L'électorat socialiste, vert et communiste devrait en fait adopter une stratégie « utile » : éliminer Jean-Marie Le Pen au deuxième tour de la présidentielle, puis s'unir pour envoyer le plus grand nombre possible de députés de gauche à l'Assemblée. En d'autres termes, voter démocrate au second tour et voter idéologiquement aux législatives.
Car l'électorat de gauche ne peut pas prendre sa revanche à la présidentielle. M. Jospin est bel et bien éliminé et il a même annoncé qu'il se retirait de la vie politique. En revanche, il peut la prendre à la faveur de ce troisième tour que constitueront les législatives. Certes, il faudra de nouveau cohabiter pendant cinq ans avec M. Chirac, mais ce serait un moindre mal.
L'appel de Le Pen à Chirac
Est-ce pour autant, pour la France, la solution la plus satisfaisante ? Jacques Chirac n'a rien à espérer de Jean-Marie Le Pen. Les deux hommes, avant et pendant la campagne, n'ont cessé de dire qu'ils n'avaient rien en commun. Certes, ils peuvent encore se dédire. M. Le Pen l'a fait dès dimanche qui s'est déclaré à rencontrer M. Chirac. Mais ce serait tragique pour le président qui serait alors accusé de se livrer à des accommodements avec le diable, uniquement pour rester au pouvoir. L'hypothèse est donc peu probable. Mais alors, où le président réélu pourrait-il trouver une majorité parlementaire, s'il veut mettre un terme à la cohabitation ?
En 1997, la haine était si grande entre la droite classique et l'extrême droite que le Front national a préféré faire élire des candidats de gauche que ceux du RPR ou de l'UDF. S'il demeure possible que, pour écarter la menace d'extrême droite, les électeurs de gauche votent pour Chirac le 5 mai, ils ne lui feront plus de cadeau en juin. Le président ne pourra, dès lors, que compter que sur ses troupes traditionnelles, surtout s'il a refusé de composer avec M. Le Pen avant le deuxième tour de la présidentielle. On ne sait pas si, en un mois et demi, la droite parlementaire aura le temps de se recomposer, mais ce qui est sûr, c'est que les résultats du premier tour de la présidentielle ont déjà indiqué que les électeurs sont capables d'aller dans tous les sens.

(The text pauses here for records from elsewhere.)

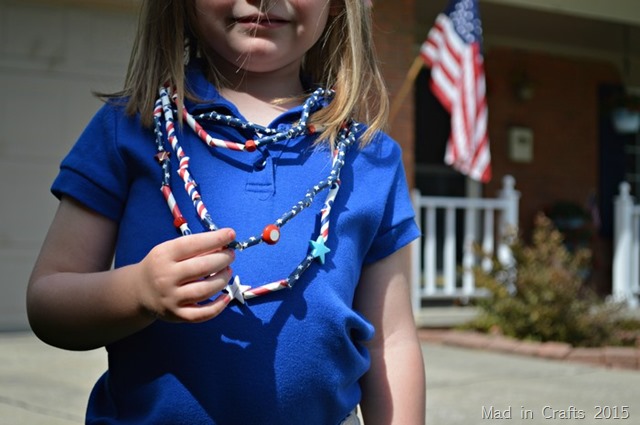 FOURTH OF JULY PAPER STRAW NECKLACES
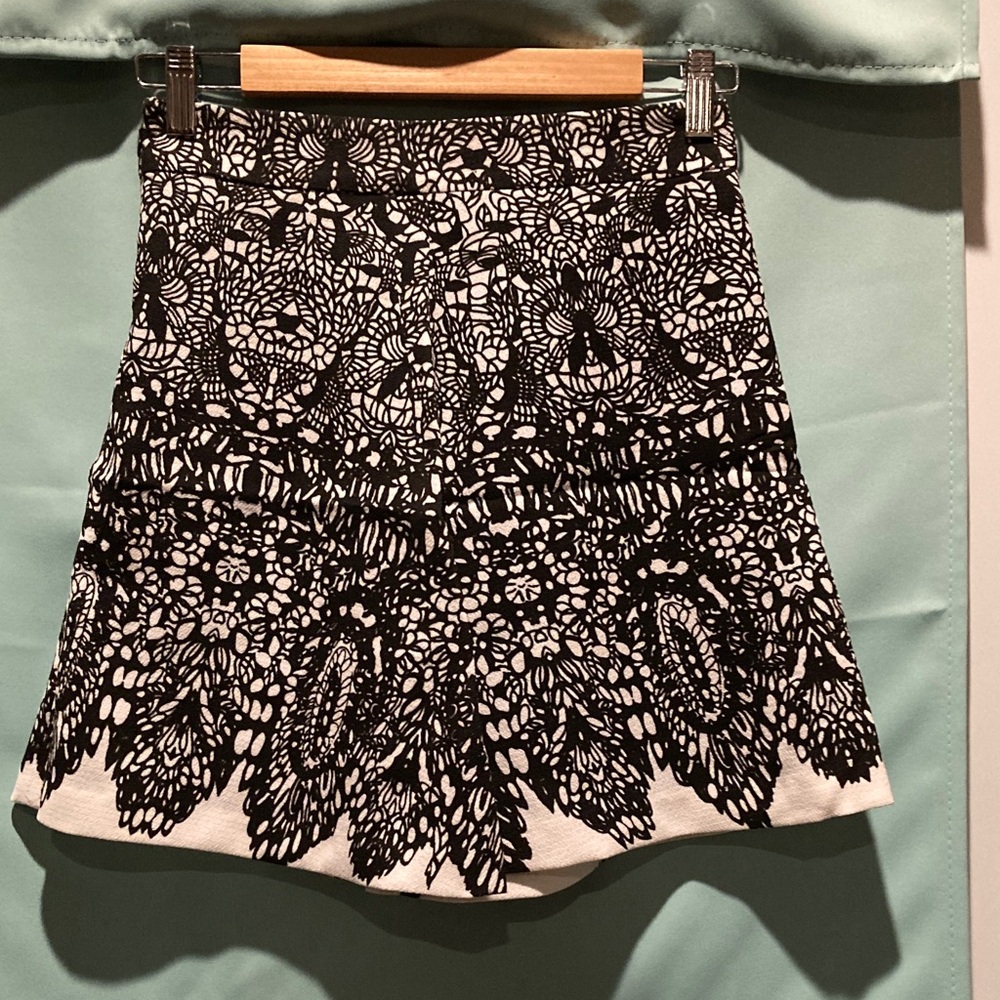 L'ATISTE Black and White Lace-Pattern Mini Skirt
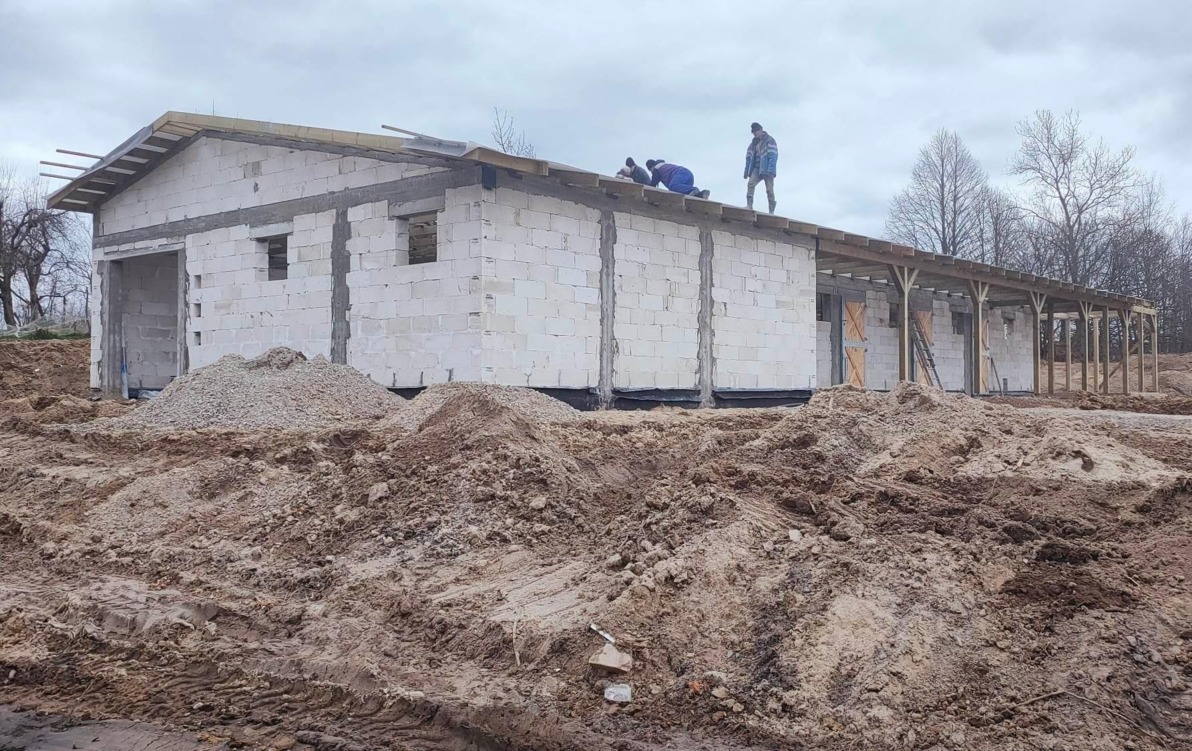 Zdjęcie do Budowa budynku inwentarskiego postępuje w imponującym tempie 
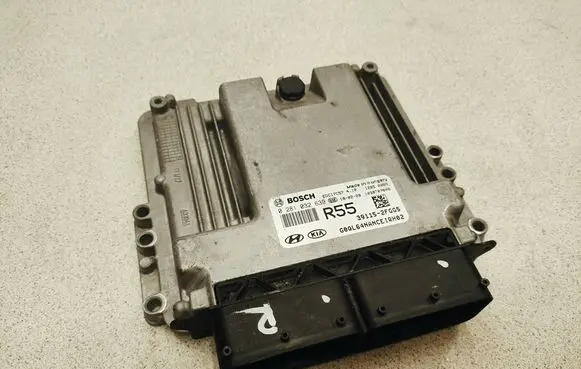 KIA Sorento Engine control unit/module EDC17C57 0281032639 391152FG00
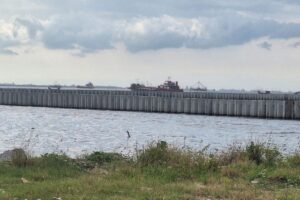 Pagar beton di wilayah utara Marunda, Cilincing, Jakarta Utara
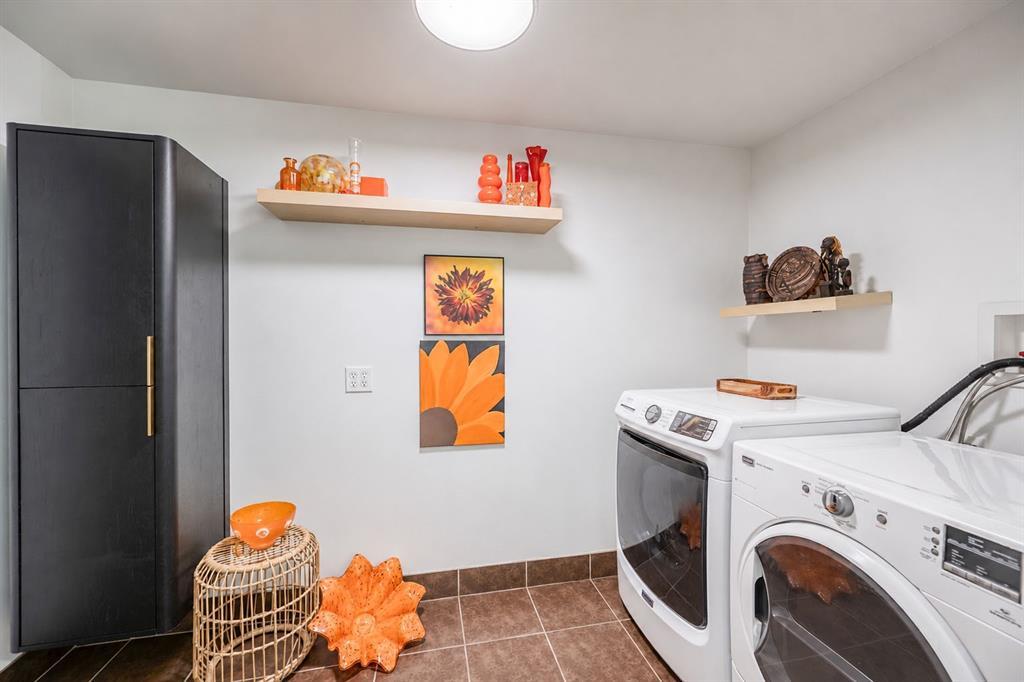 1049 Indian Road North, Sarnia, ON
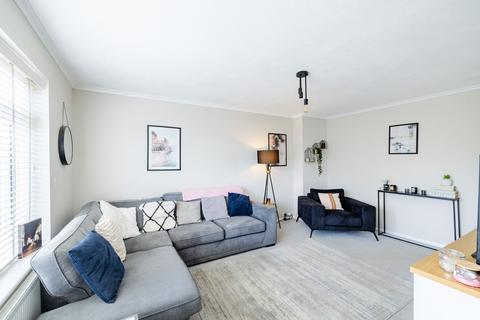 3 bedroom terraced house for sale, Stirling Close, Banstead, SM7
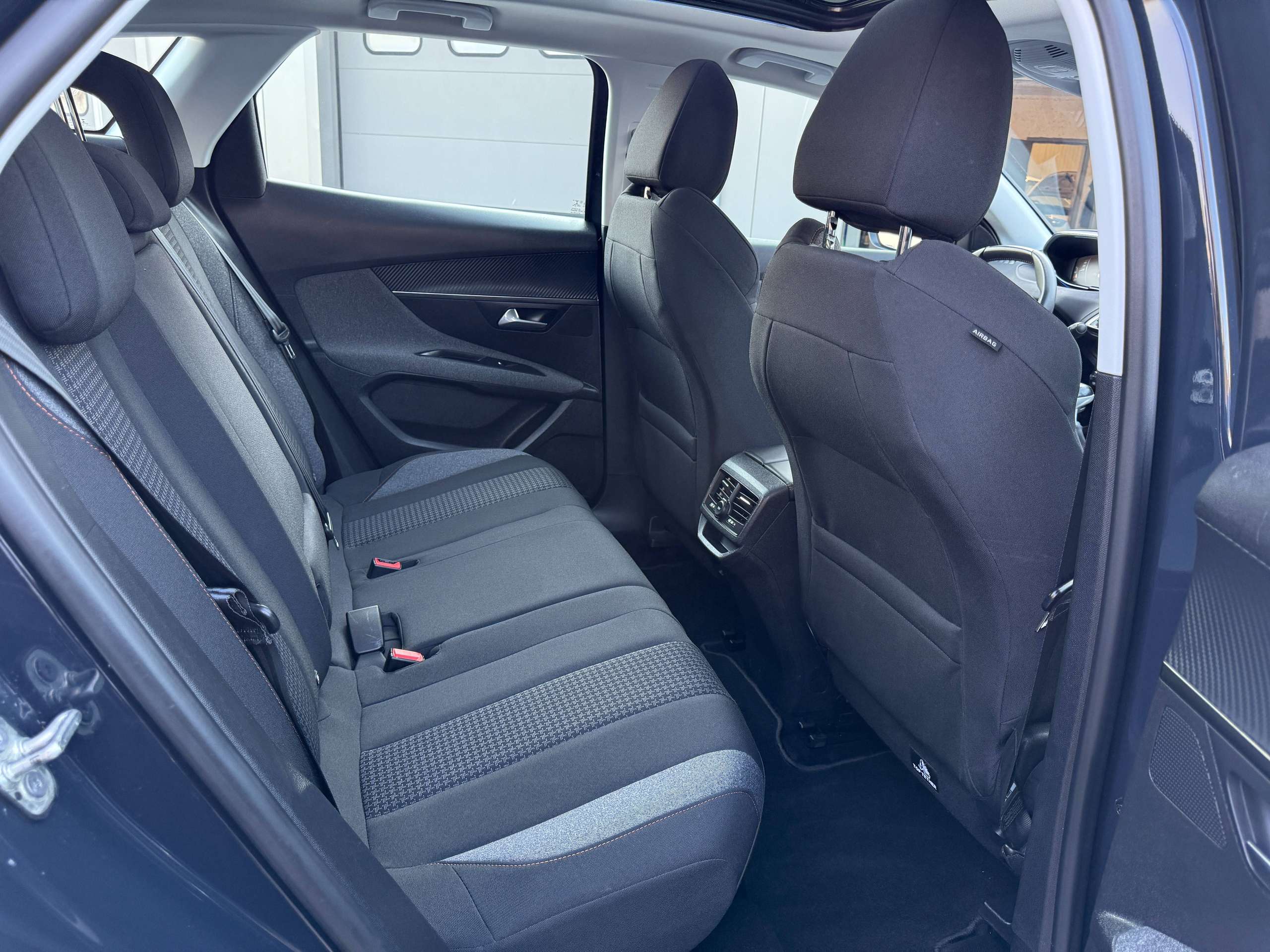 a2c83c11-0f8c-4e96-b8df-0dccece38bec29-peugeot-3008-1-2i-130pk-opendak-navigatie-carplay-camera-dab.jpg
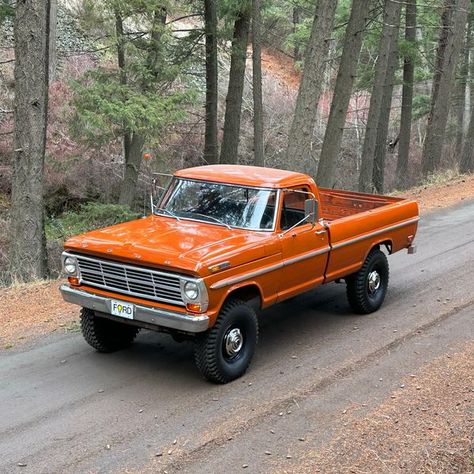 Lifted Ford Truck, Ford Highboy, Ford Pick Up, Morning Drive, Classic Ford Broncos, Vintage Pickup Trucks, Pick Up Truck, Old Ford Trucks, Classic Ford Trucks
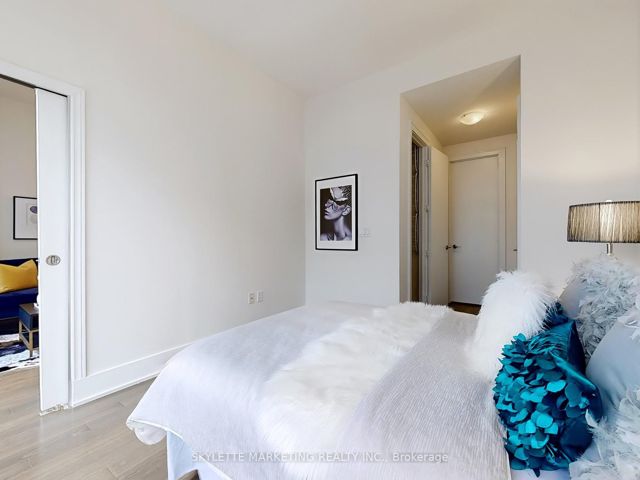 1113 - 39 Queens Quay E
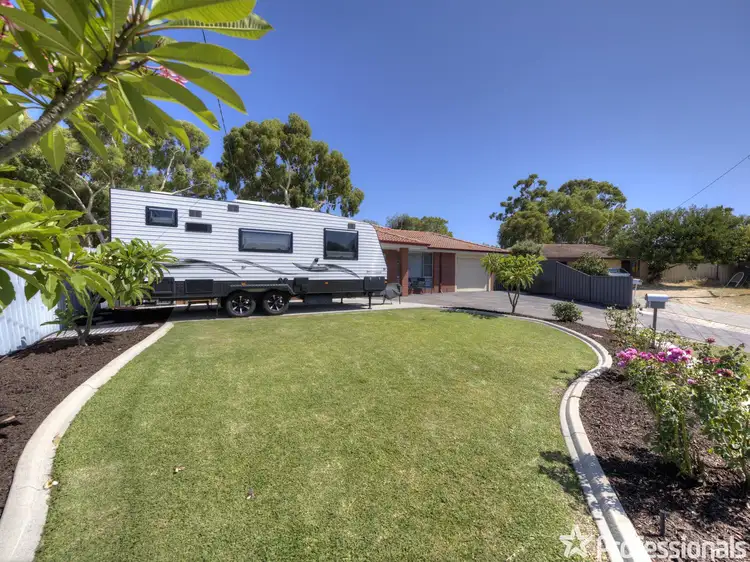 Fifth view of Homely house listing, 19 Shamrock Way, Huntingdale WA 6110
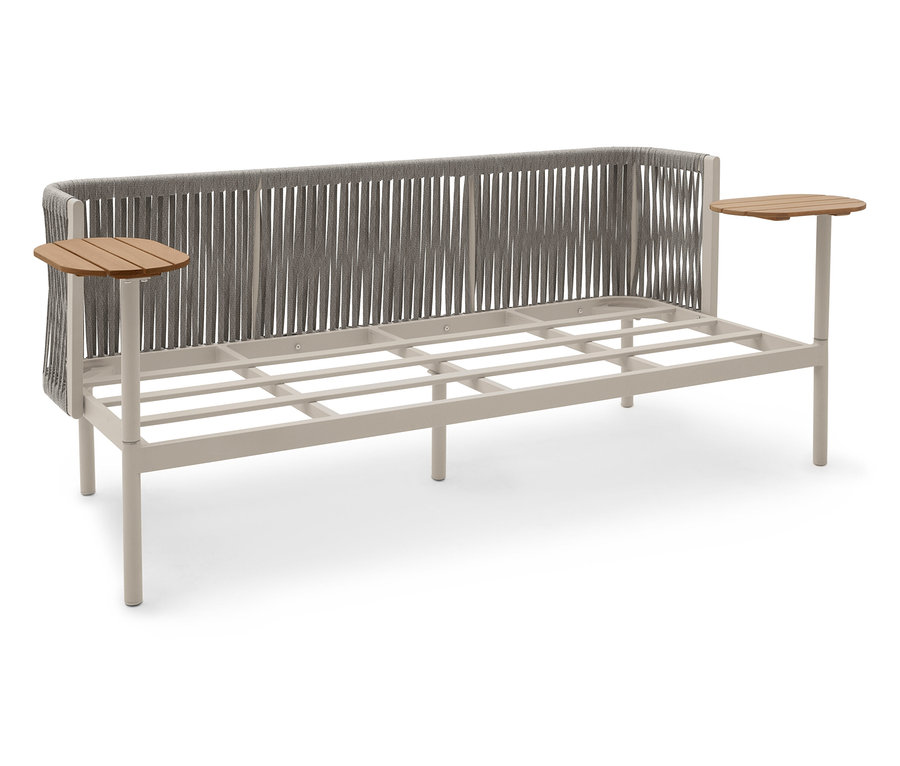 On voit un canapé de jardin avec 2 tables tournantes.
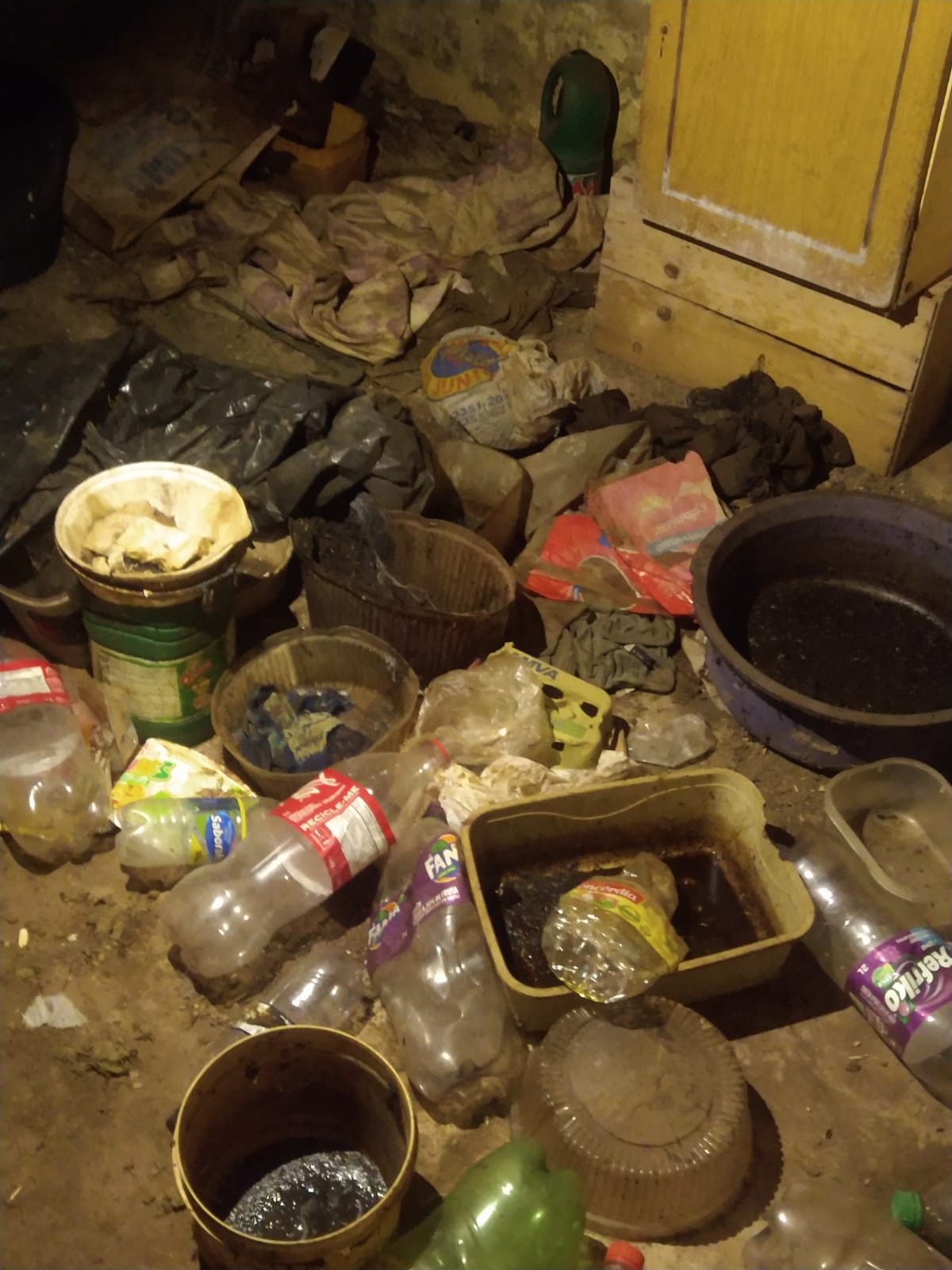 Vídeo: idosa que vivia em cárcere privado é resgatada de casa imunda no Jardim Colúmbia; marido alega esquizofrenia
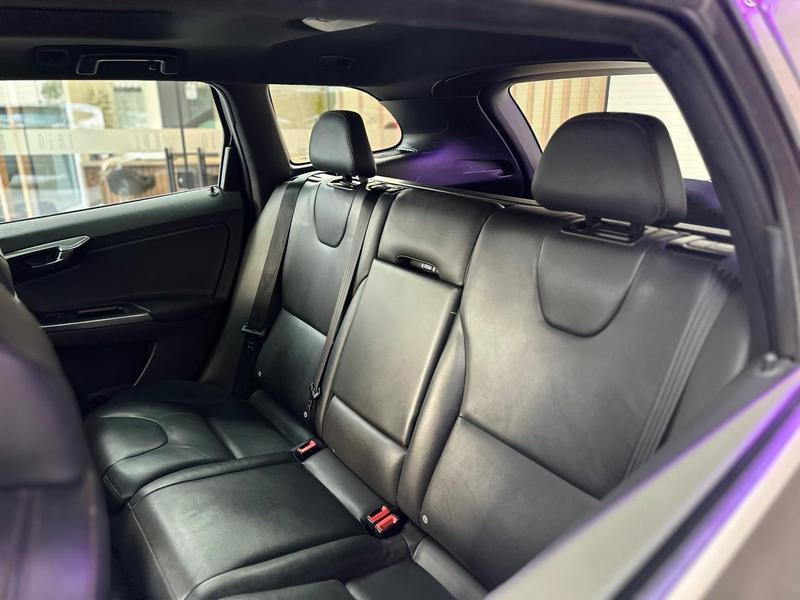 Volvo XC60 D5 Momentum - foto 17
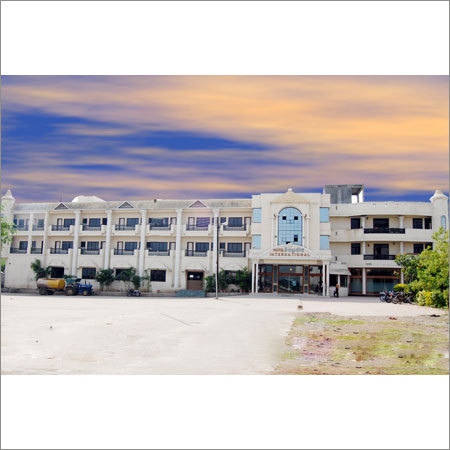 होटल के सामने का दृश्य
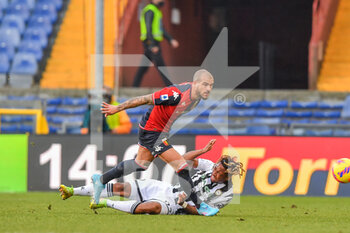 2022-01-22 - Stefano Sturaro (Genoa) - BRANDON SOPPY (Udinese) - GENOA CFC VS UDINESE CALCIO - ITALIAN SERIE A - SOCCER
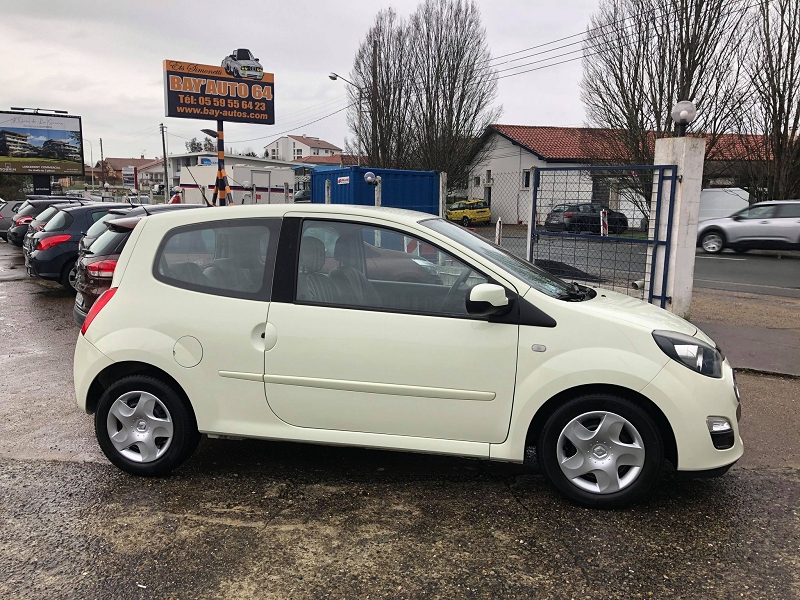 RENAULT TWINGO II 1.5 DCI 75CH EXPRESSION ECO² RENAULT TWINGO II 1.5 DCI 75CH EXPRESSION ECO²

Nouveau risque de cohabitation
Ils peuvent donc de réserver à M. Chirac une surprise de taille comparable à celle qu'ils ont faite à M. Jospin. Aussi bien le chef de l'Etat ne peut-il se réjouir vraiment de ce qui lui arrive ; il n'a d'abord obtenu que 20 % des voix ; il a un challenger qui le hait personnellement et qui le tient par la barbichette ; pour le battre, il doit compter au moins en partie sur un électorat qui lui est hostile ; une fois président, il risque, de nouveau, de cohabiter pendant cinq ans.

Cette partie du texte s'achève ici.